• [TASK BRIEF]:
Among the entries below, find the line with "Obraz premium Powerful" and the line with "CANDY STRIPE CROPPED PULLOVER HOODIE". Return exactly those lines and every line between them, but no pictures.

• [RECORDS TO PROCESS]:

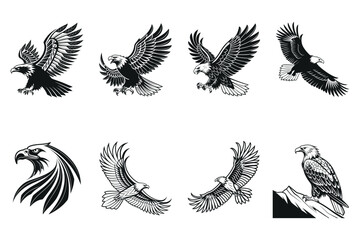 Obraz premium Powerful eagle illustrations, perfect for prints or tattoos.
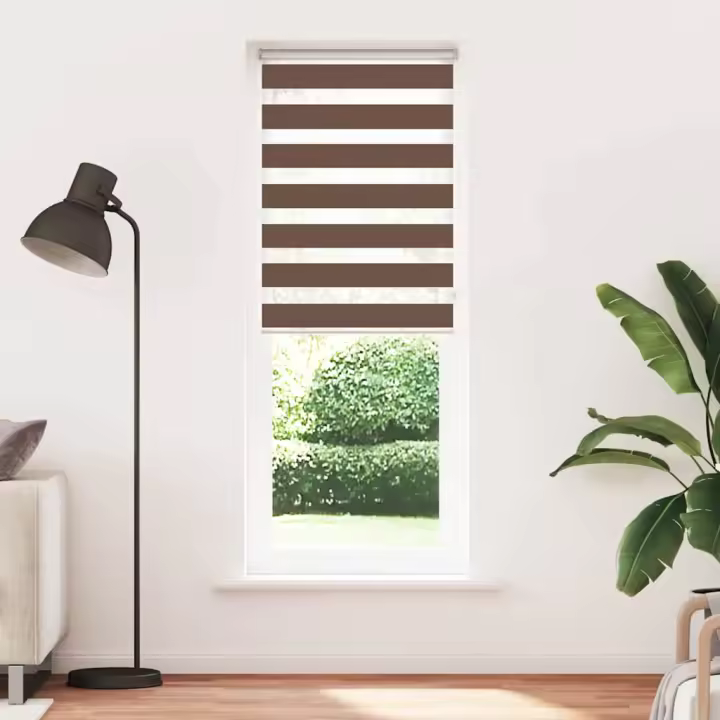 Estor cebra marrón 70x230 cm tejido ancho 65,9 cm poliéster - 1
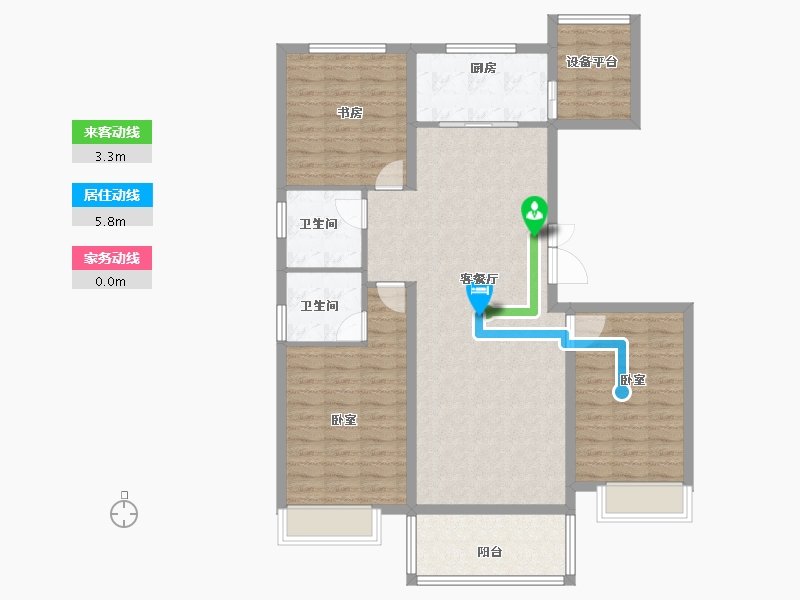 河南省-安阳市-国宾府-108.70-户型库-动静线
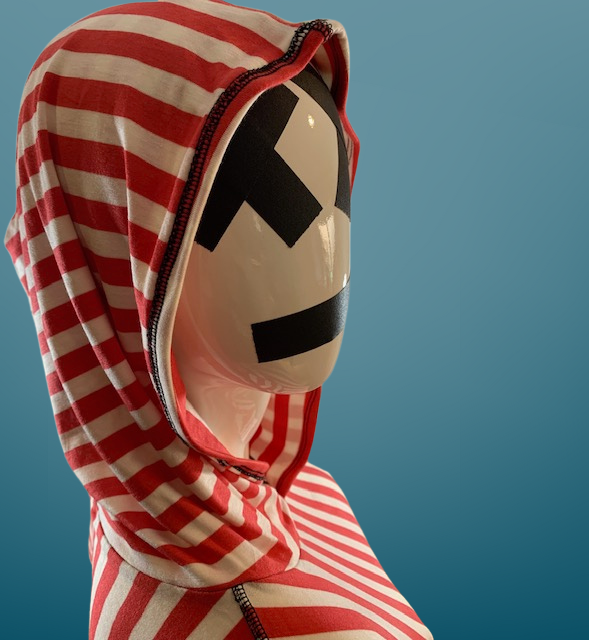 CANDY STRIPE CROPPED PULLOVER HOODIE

--

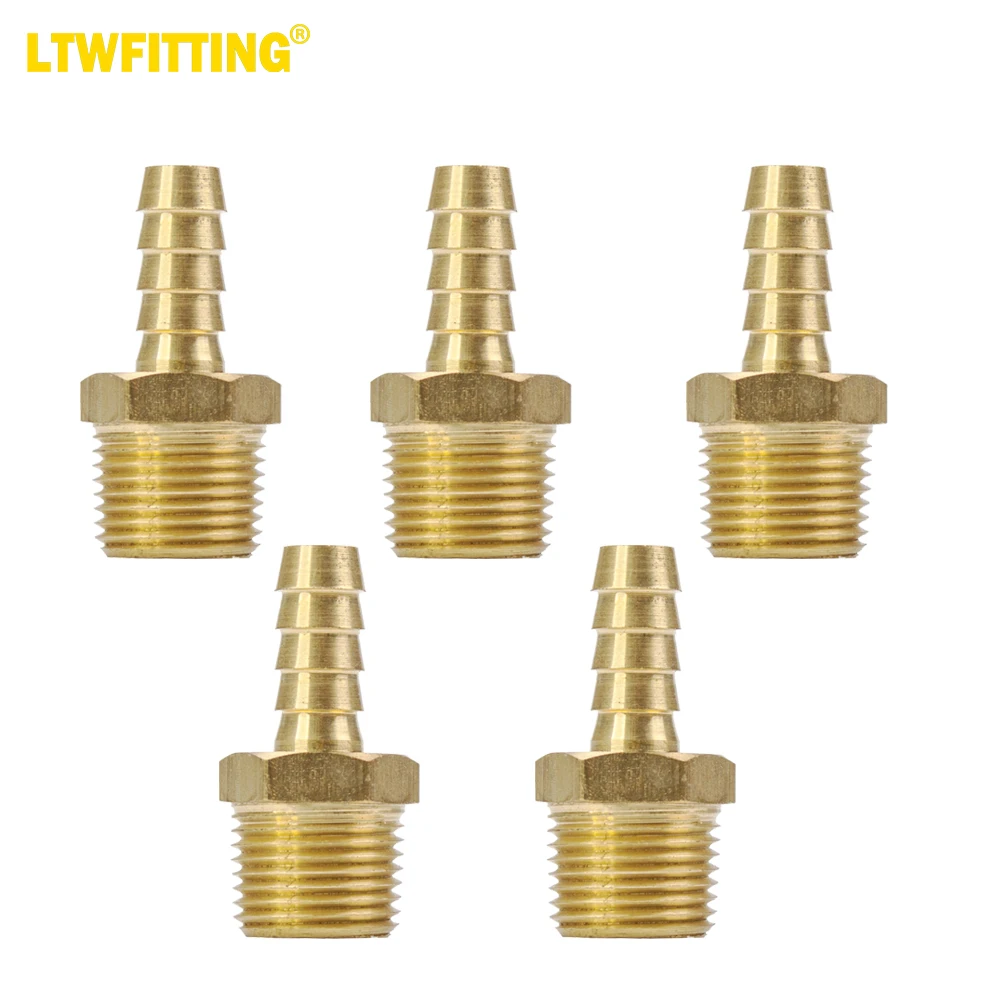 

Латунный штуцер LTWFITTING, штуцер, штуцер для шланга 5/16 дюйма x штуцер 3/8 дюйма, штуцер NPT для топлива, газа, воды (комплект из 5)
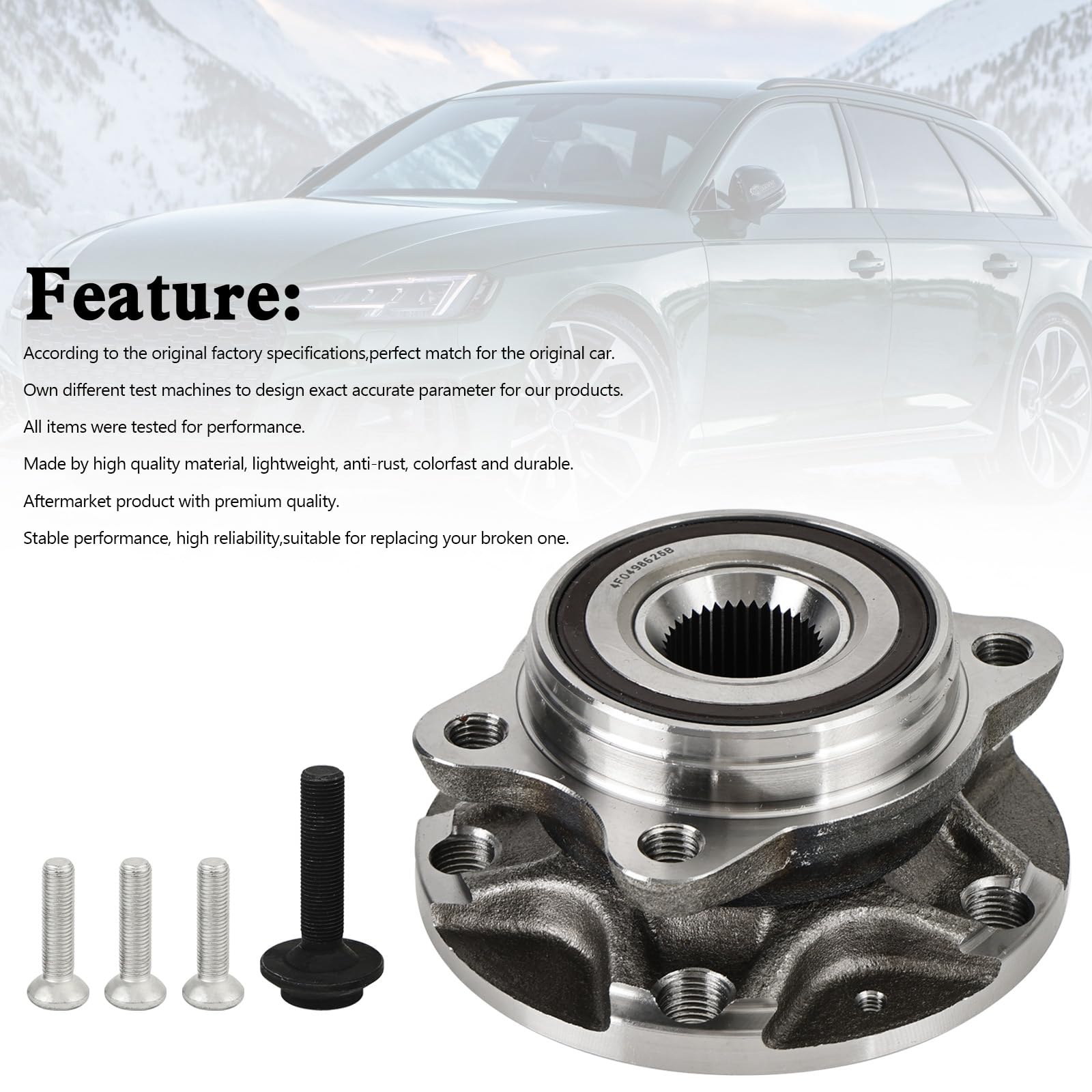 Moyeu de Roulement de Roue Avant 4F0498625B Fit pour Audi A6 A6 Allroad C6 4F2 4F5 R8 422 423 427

• [WRITTEN RESPONSE]:
 Obraz premium Powerful eagle illustrations, perfect for prints or tattoos.
 Estor cebra marrón 70x230 cm tejido ancho 65,9 cm poliéster - 1
 河南省-安阳市-国宾府-108.70-户型库-动静线
 CANDY STRIPE CROPPED PULLOVER HOODIE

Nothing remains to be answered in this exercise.